The entire listing below is to be written out exactly, minus the pictures.

◆ Data shown
******************************

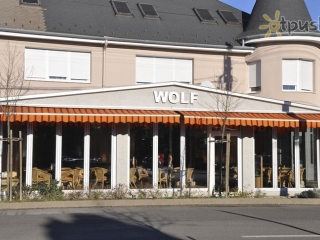 Wolf Hotel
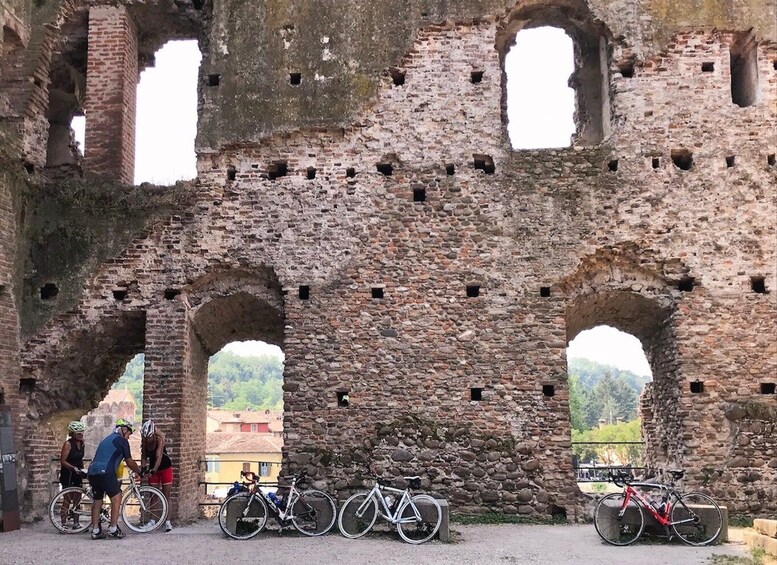 Picture 4 for Activity E-bike adventure among villages and medieval castles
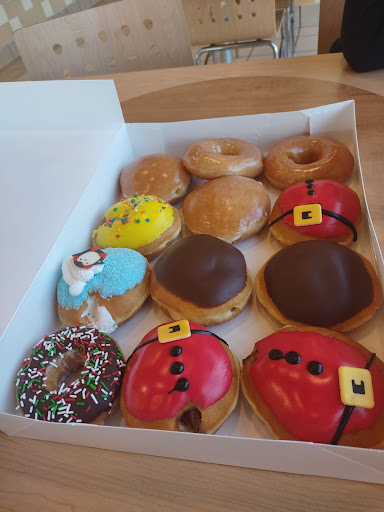 Bakery «Krispy Kreme Doughnuts», reviews and photos, 969 N Wesleyan Blvd, Rocky Mount, NC 27801, USA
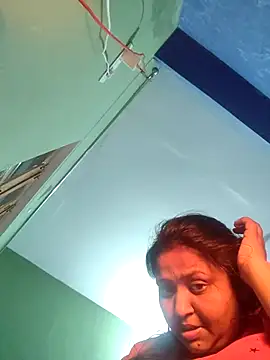 bitch-horny online show from February 4, 2026, 3:18 pm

******************************

◆ Task result
 Wolf Hotel
 Picture 4 for Activity E-bike adventure among villages and medieval castles
 Bakery «Krispy Kreme Doughnuts», reviews and photos, 969 N Wesleyan Blvd, Rocky Mount, NC 27801, USA
 bitch-horny online show from February 4, 2026, 3:18 pm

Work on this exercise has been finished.